A Look Back and a Look Forward at FINRA Regulations

A Look Back (2016)

Regulators for the financial services industry initiate many enforcement actions throughout a calendar year.  FINRA is no exception.  In fact, FINRA pursued roughly 1500 enforcement actions in 2016.  A review of some of those actions provides a guide on how to avoid finding yourself on the wrong end of a regulatory enforcement action.

The larger FINRA enforcement actions in 2016 covered a variety of topics.  Among them are the following:

  • Sale of Replacement Variable Annuities:  In the largest fine for 2016, FINRA fined a broker-dealer for, among other things, understating the value of existing VAs and also failing to disclose that existing guarantees were forfeited when replacing existing VAs with new VAs.
  • Incentive Compensation:  FINRA heavily fined another broker-dealer for a compensation policy which incentivized registered representatives to favor VAs sponsored by the firm.
  • UITs:   FINRA brought a large number of disciplinary actions against firms that failed to apply available sales charge discounts to UIT purchases.
  • Procedural Matters:   Final also fined several firms in 2016 for failing to meet certain procedural formalities, such as sending letters to customers within 30 days of their changing their investment profiles, and retaining copies of customer letters changing their investment profiles.

From a broader perspective, it appears that the following types of behavior generally attract more enforcement attention than others (setting aside, of course, intentional wrongdoing):

  • Sales practices relating to complex products (at least complex from the customer perspective);
  • Inadequate due diligence relating to high risk customers and high risk activities; and
  • Failure to correct past noted violations.

A Look Ahead (2017)

In what has become an annual tradition, both FINRA and the SEC recently disclosed their Exam Priorities for 2017.  Not surprisingly – and perhaps more of a Look Back than a Look Ahead, both regulatory bodies have indicated a continuing intent to focus on cybersecurity issues.
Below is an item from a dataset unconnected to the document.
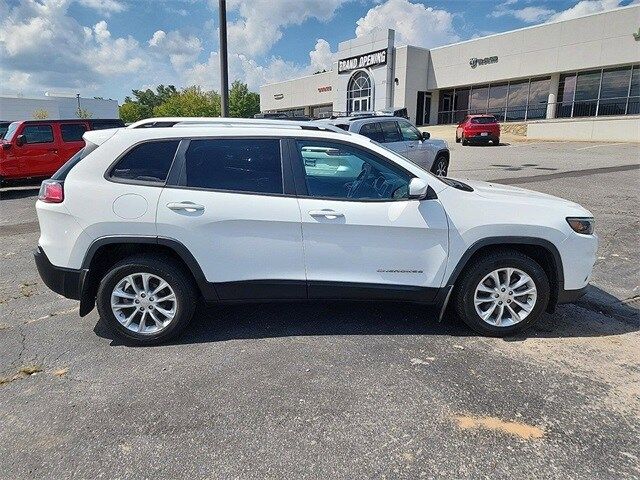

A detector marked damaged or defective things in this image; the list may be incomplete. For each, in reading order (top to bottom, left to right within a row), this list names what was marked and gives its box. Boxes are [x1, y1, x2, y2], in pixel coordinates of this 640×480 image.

cracked asphalt [1, 139, 640, 476]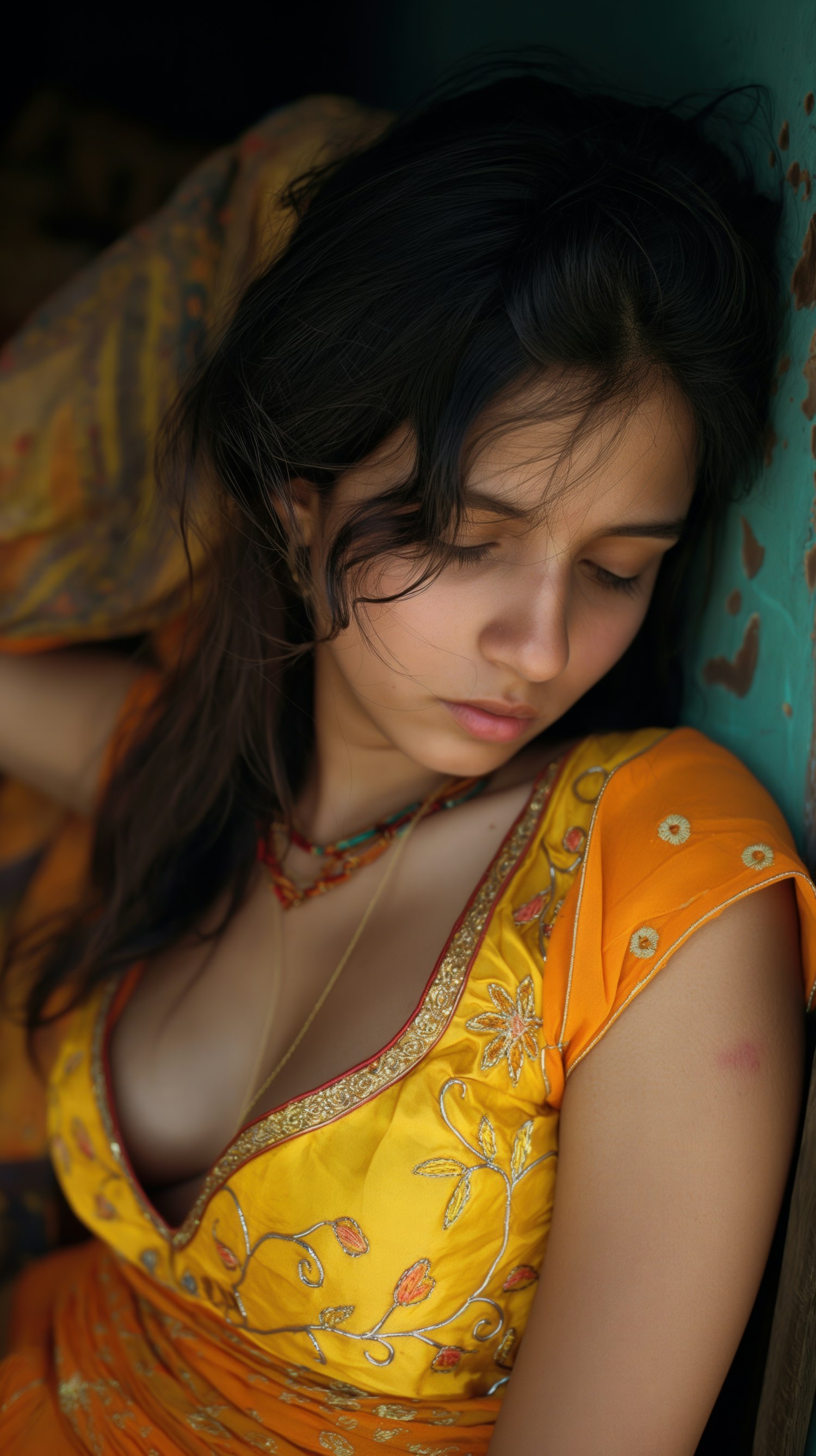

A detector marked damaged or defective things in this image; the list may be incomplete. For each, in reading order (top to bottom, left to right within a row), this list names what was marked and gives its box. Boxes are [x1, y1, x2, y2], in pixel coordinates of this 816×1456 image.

More specifically, the SEC has indicated an intent to focus on “compliance procedures and controls, including testing the implementation of those procedures.”  As I have indicated repeatedly over the past year, simply having cyber protection procedures in place is no longer sufficient.  Regulatory focus has turned as well to ensuring those procedures are being implemented and tested.  With the new incoming administration, however, the top spots at the SEC are changing.   Some commentators think we will see in the 2017 and beyond less focus on enforcement actions, but my personal belief is any such changes will not impact the focus on cybersecurity.

FINRA’s cybersecurity focus for 2017 will also on be on what and how firms are acting to mitigate the risk of cyberattacks.  FINRA, however, appears to be more focused on what firms are doing to protect and preserve records.  In particular, section 17(a) of the Exchange Act and Rules 17a-3 and 17a-4 require anti-alteration safeguards such as WORM formatting.  In what appears to be an attempt to highlight its intentions, FINRA recently fined 12 firms a total of $14.4 million for violations related to the record keeping rules and regulations.

Other areas of regulatory focus in the coming year also include the heightened supervision efforts of firms hiring brokers with disciplinary records; protecting senior investors; and how firms carry out suitability reviews and monitor recommendations.